### Task details
Return the lines of the data below, from the one containing "収納　★広いウォークインクローゼット付きです★" through the very last, exactly and with both ends included; no pictures.

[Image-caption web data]
* * * * * * *
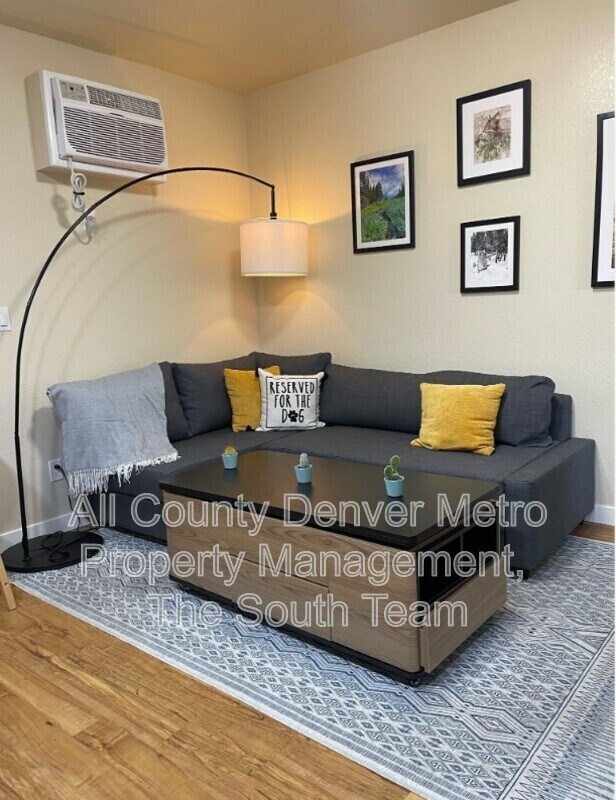 Building Photo - 1391 Carr St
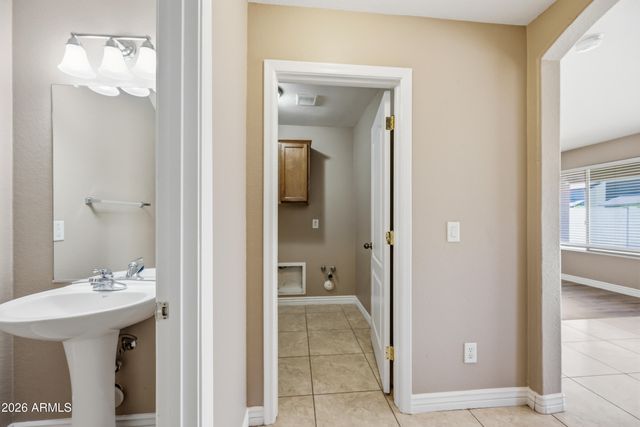 779 E BRADSTOCK Way, San Tan Valley, AZ 85140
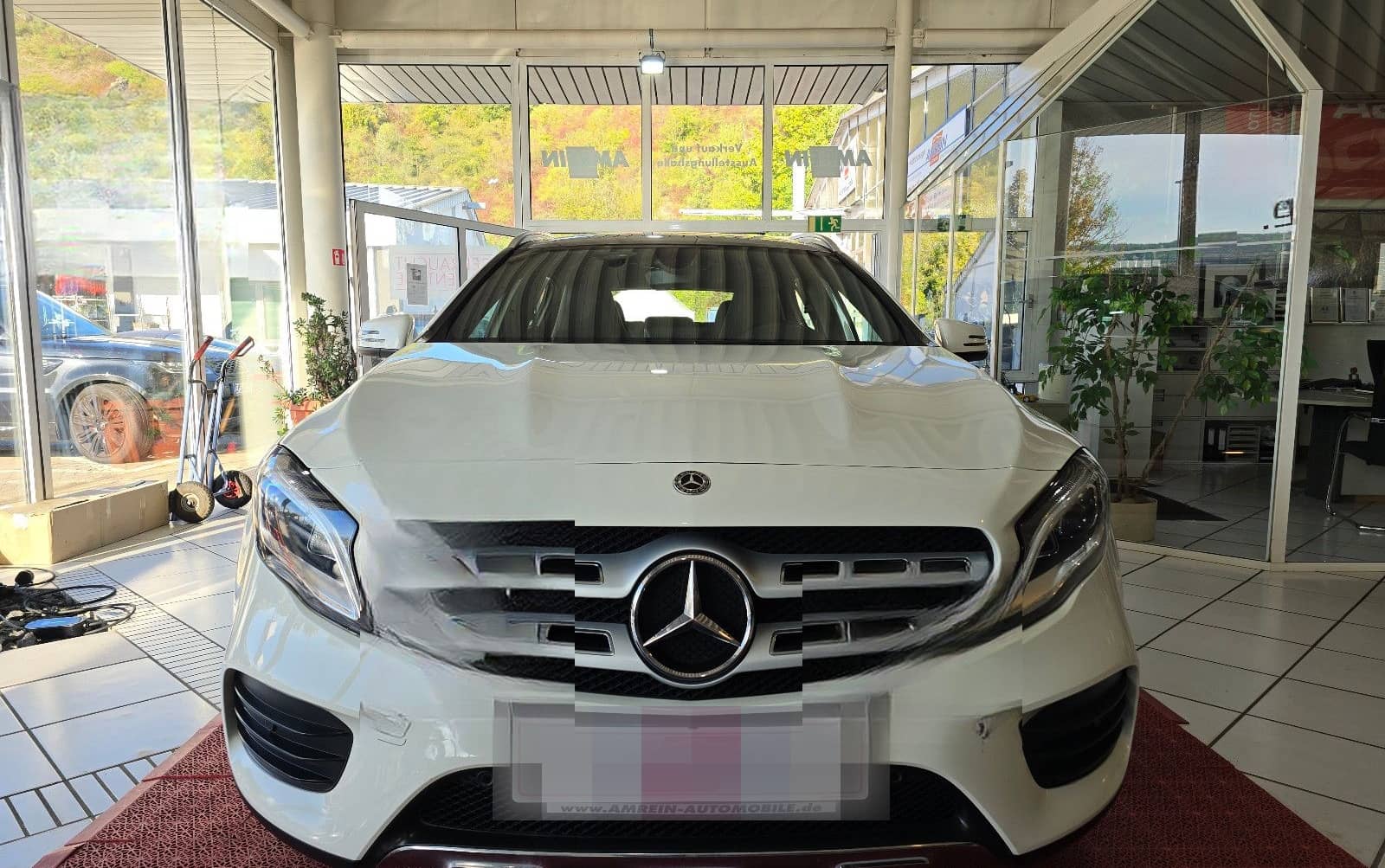 Mercedes-Benz GLA 200 Peak Edition+AMG STYLING+19" AMG LM+PANO foto 2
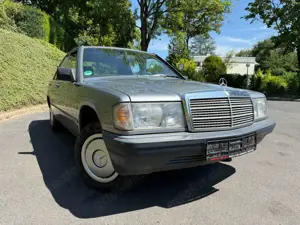 Mercedes-Benz 190 190 E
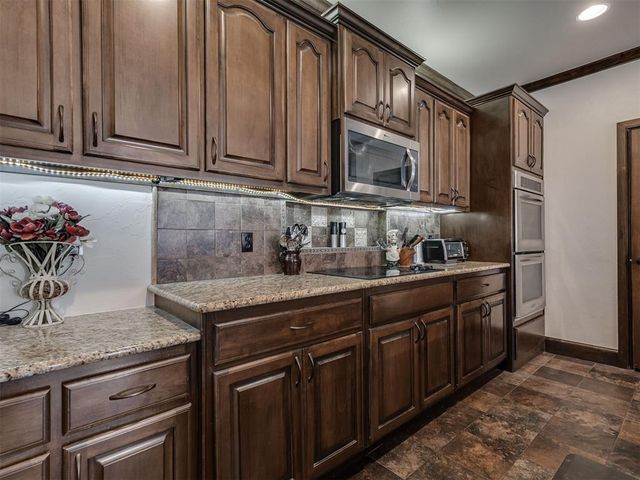 12325 Carriage Way, Oklahoma City, OK 73142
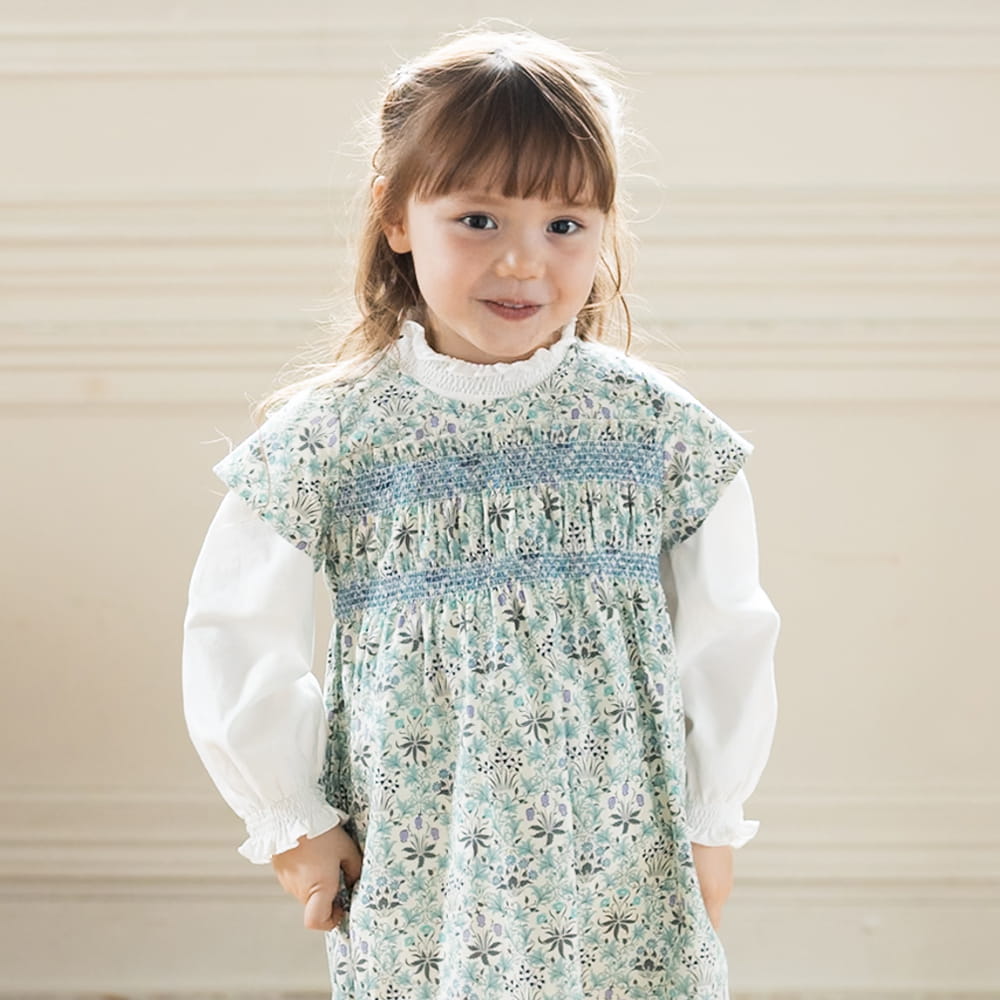 ヴィクトリアTシャツ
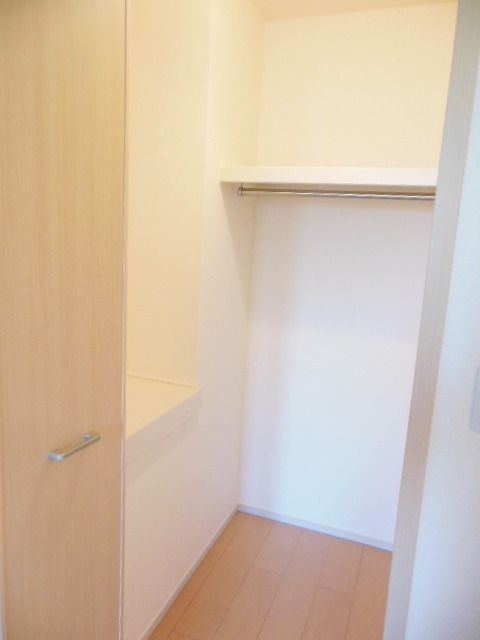 収納　★広いウォークインクローゼット付きです★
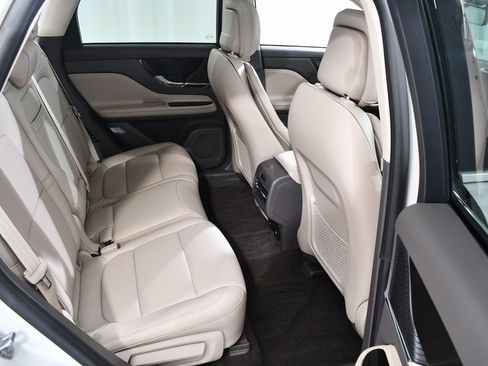 Used 2022 Lincoln Corsair Grand Touring w/ Elements Technology Bundle image 19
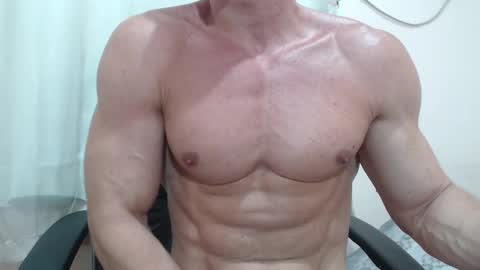 saradorj92 online show from 11-16-25, 01:44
* * * * * * *
### Answer to the problem
 収納　★広いウォークインクローゼット付きです★
 Used 2022 Lincoln Corsair Grand Touring w/ Elements Technology Bundle image 19
 saradorj92 online show from 11-16-25, 01:44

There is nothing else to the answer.